Invalidation Frustration

Students of color reflect on racially motivated comments devaluing their academic success.


Graphic by Grace Kosten and Fallon Dern

Emmy Zhang

Sprawled out on the floor of her living room, Idalis McZeal ’23 passed a bowl of popcorn back and forth with a friend while “Legally Blonde” played on the television screen. As Elle Wood’s law school application video began to play, McZeal paused the movie to talk about her own dreams for the future. McZeal began sharing her aspirations to attend an excellent college but said her enthusiasm came to a sudden halt when her friend stated, “You have nothing to worry about. You’re going to get into every school you apply to, you know, because you’re Black.”

McZeal said her friend’s comment was both hurtful and racist and that she continues to feel its impact on her self-perception.

“That racist remark is still ingrained in my own thinking and the way I view myself,” McZeal said. “It started a cycle of self-doubt that often causes me to ask myself, ‘Am I [successful] because I deserve it, or am I here because of my skin color?’”

McZeal said she feels that her competence and effort are discredited when she is defined solely by her race.

“When I’m told the only reason I am where I am or the only reason I’ll ever achieve anything is because of my racial identity, which isn’t something I achieved or worked at but something completely out of my control, it invalidates all of my achievements,” McZeal said.

Students of color reflect on the ways in which racial stereotypes can invalidate their achievements and create feelings of self-doubt

Other students of color said that they have been in similar situations where their accomplishments were dismissed. Black Leadership Awareness and Culture Club (BLACC) leader Eghosasere Asemota ’22 said as a person of color, he feels that people immediately credit his academic success to special treatment and extra help.
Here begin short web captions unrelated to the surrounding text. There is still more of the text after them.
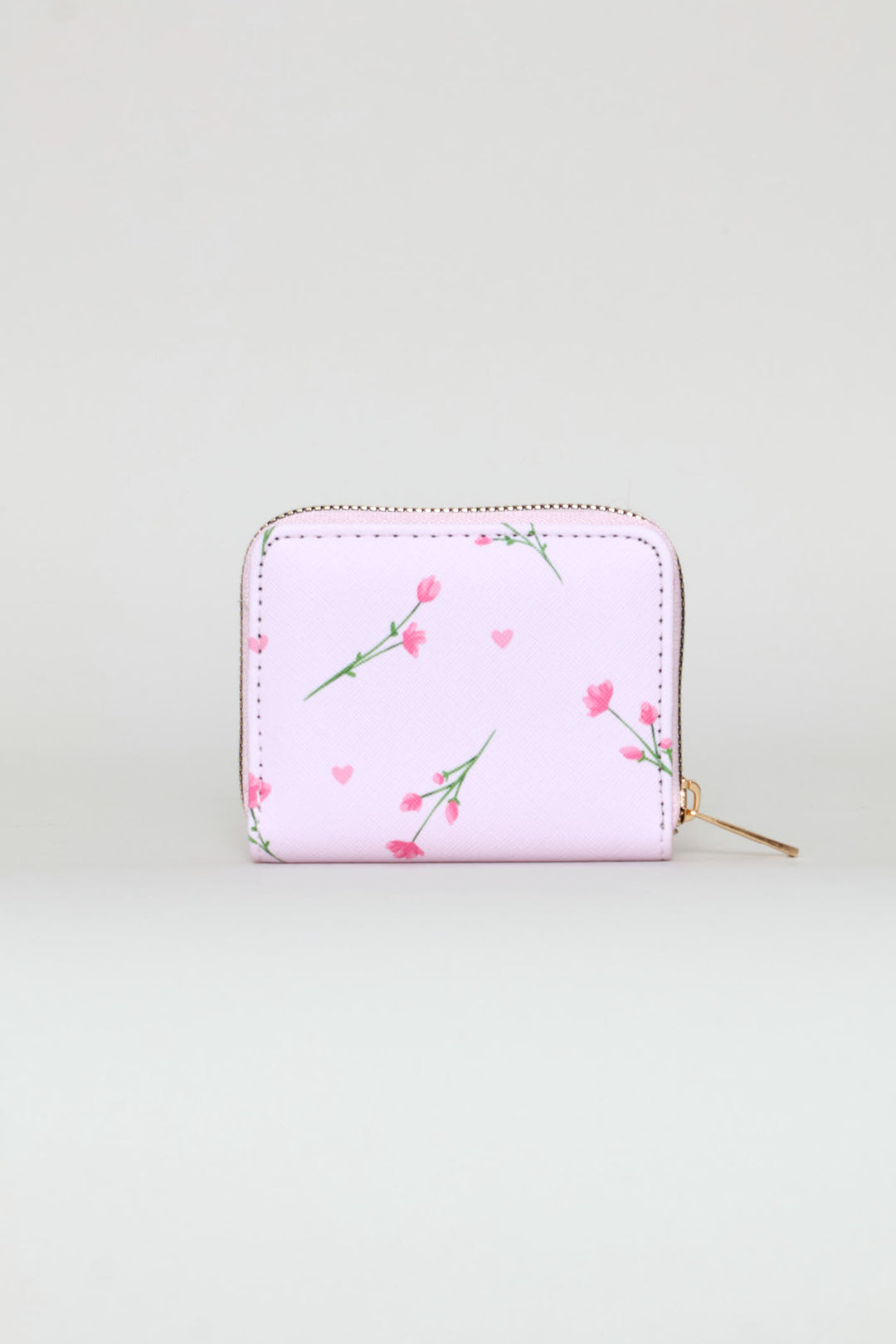 Floral Print Small Zip Around Purse - Light Pink
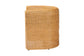 bali & pari Carina Natural Rattan Barrel Dining Chair - Handwoven Wicker Accent Chair with Curved Backrest and Removable Cushion, Coastal Boho Kitchen or Dining Room Seating FredCo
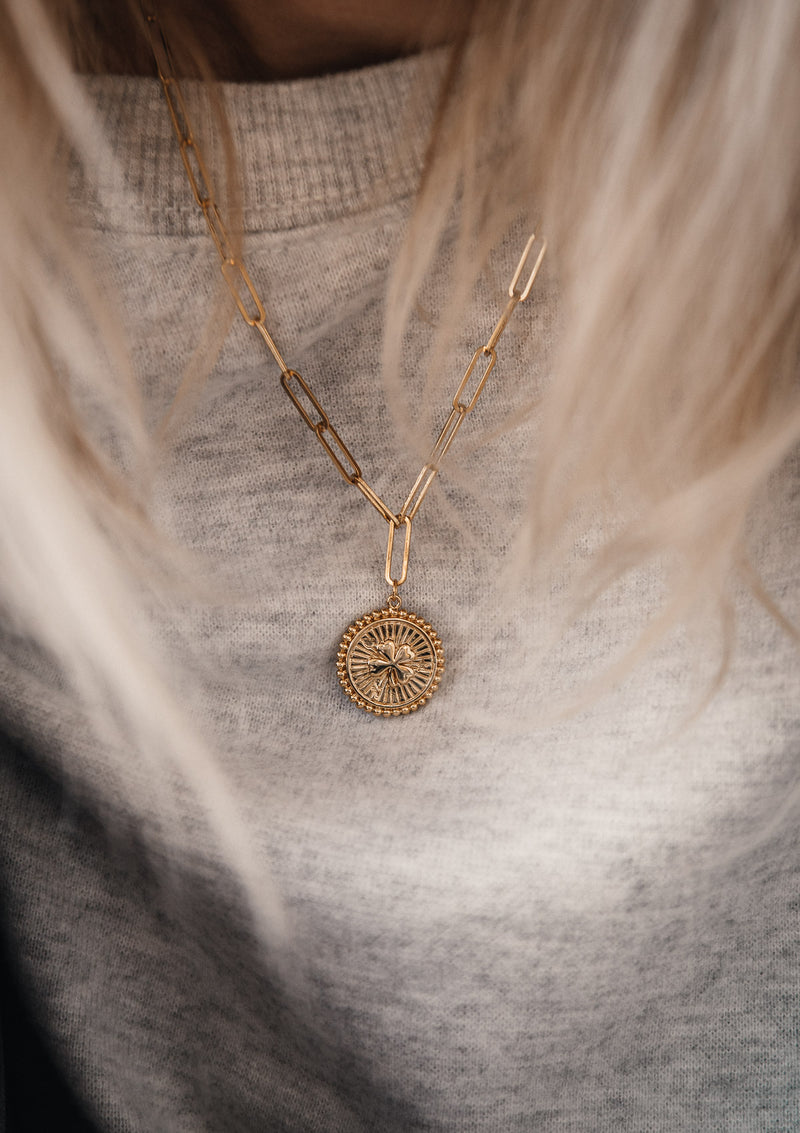 Collier médaillon Trèfle - Mon porte-bonheur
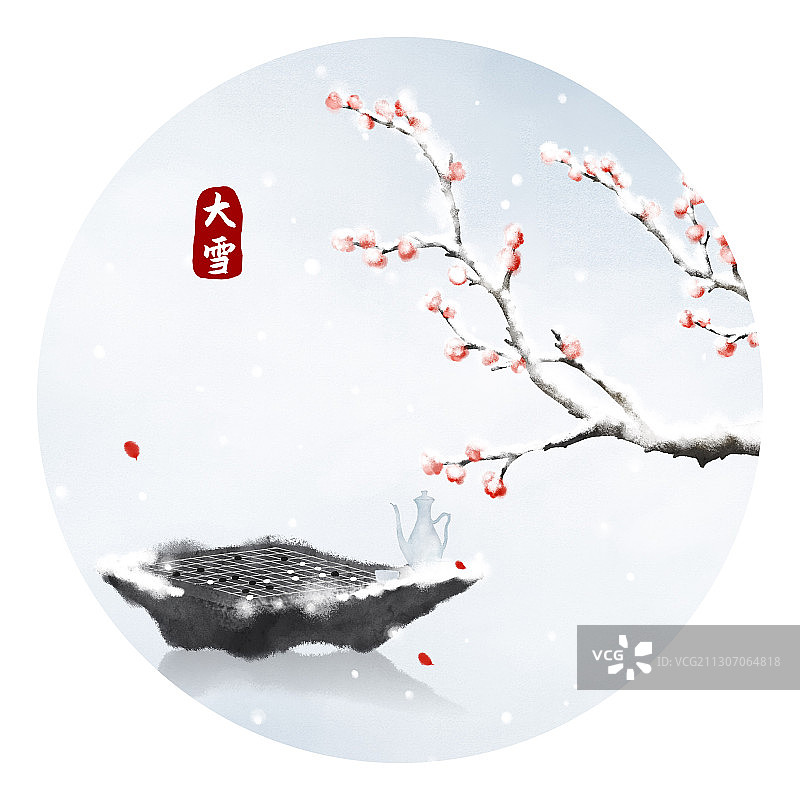 大雪节气中式圆形插画图片素材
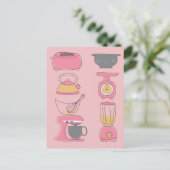 Moderne Küchengeräte Illustration Marketing P Postkarte (Stehend Vorderseite)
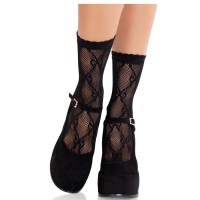 Секси чорапи LEG AVENUE - BLACK LACE BOW L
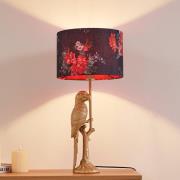 Lindby tafellamp Marula, goud, bloemenprint, textiel, E27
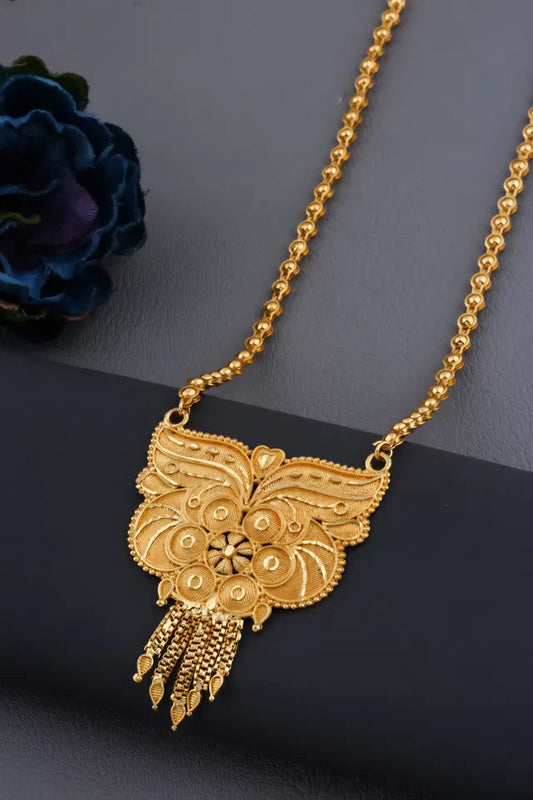 Traditional Gold plated Ki Mala Design With Moti Chen Ladi Long Mangalsutra 6366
“I feel I have to defend my accomplishments,” Asemota said. “Many people think that if [students of color] do well, we must have received special guidance and help, or that our position as minorities makes us less intelligent or less capable of achieving success on our own.”

Like Asemota, Junior Prefect Simon Lee ’23 said there are myths about minorities receiving special treatment that should be debunked, particularly those surrounding affirmative action.

“I’ve been told that affirmative action is theoretically screwing me over because I’m Asian, which is a huge oversimplification,” Lee said. “People at the top like to propagate this myth that everything is zero-sum when it comes to minority groups, that one minority group can only succeed at the expense of other minorities.”

Fernanda Herrera ’23 said she has been strongly impacted by misconceptions regarding affirmative action. She said her former middle school classmates alleged she was only accepted by the school in order to fill a diversity quota.

“When I told other people that I had gotten into Harvard-Westlake, they said, ‘Oh yeah, don’t they take in a certain number of students of color each year? Are you part of their diversity program?’” Herrera said. “As I sat there, doubts started creeping in. I thought maybe they did pick me because they want the school to look diverse.”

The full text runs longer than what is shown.